Information provided:
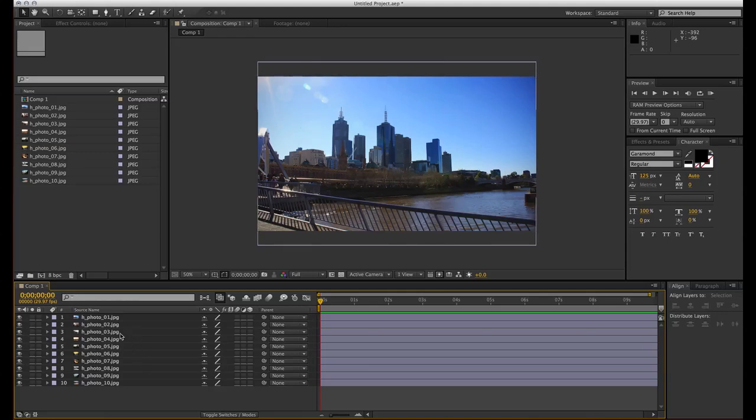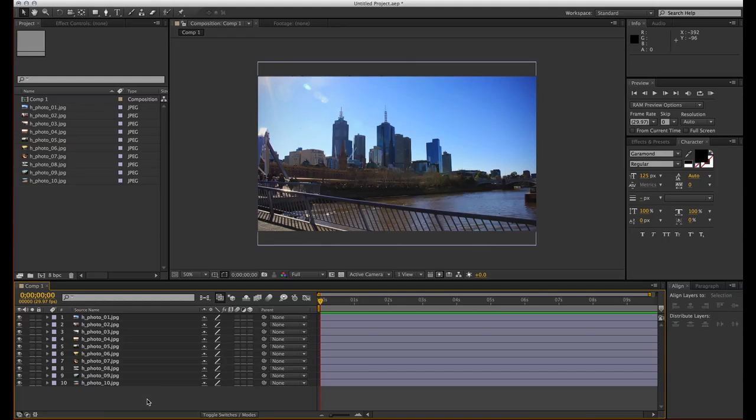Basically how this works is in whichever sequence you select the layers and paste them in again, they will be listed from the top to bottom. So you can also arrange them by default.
--
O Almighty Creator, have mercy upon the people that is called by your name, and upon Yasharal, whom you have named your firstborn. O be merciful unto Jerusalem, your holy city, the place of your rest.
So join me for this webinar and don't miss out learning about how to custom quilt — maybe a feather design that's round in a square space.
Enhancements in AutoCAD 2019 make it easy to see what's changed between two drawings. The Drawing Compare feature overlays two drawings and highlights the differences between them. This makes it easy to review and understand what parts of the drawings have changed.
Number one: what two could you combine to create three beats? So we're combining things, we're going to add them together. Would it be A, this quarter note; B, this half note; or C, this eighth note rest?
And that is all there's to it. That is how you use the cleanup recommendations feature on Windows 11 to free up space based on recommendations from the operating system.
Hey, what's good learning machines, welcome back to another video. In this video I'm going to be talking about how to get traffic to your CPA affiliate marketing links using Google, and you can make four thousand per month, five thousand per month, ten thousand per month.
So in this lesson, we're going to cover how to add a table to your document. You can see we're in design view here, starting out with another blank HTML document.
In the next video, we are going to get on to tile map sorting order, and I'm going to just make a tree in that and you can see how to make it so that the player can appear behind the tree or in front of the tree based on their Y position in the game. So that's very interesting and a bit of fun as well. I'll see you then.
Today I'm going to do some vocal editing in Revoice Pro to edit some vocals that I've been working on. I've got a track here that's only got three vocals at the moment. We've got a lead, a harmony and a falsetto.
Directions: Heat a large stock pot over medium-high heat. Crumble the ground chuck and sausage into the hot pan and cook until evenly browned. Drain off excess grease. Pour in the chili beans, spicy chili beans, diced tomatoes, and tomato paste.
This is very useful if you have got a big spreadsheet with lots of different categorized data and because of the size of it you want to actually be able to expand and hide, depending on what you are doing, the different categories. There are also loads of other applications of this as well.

Directions:
Copy, exactly and only, the lines above that begin with the one containing "In the next" and finish with the one containing "This is very".

Answer box:
In the next video, we are going to get on to tile map sorting order, and I'm going to just make a tree in that and you can see how to make it so that the player can appear behind the tree or in front of the tree based on their Y position in the game. So that's very interesting and a bit of fun as well. I'll see you then.
Today I'm going to do some vocal editing in Revoice Pro to edit some vocals that I've been working on. I've got a track here that's only got three vocals at the moment. We've got a lead, a harmony and a falsetto.
Directions: Heat a large stock pot over medium-high heat. Crumble the ground chuck and sausage into the hot pan and cook until evenly browned. Drain off excess grease. Pour in the chili beans, spicy chili beans, diced tomatoes, and tomato paste.
This is very useful if you have got a big spreadsheet with lots of different categorized data and because of the size of it you want to actually be able to expand and hide, depending on what you are doing, the different categories. There are also loads of other applications of this as well.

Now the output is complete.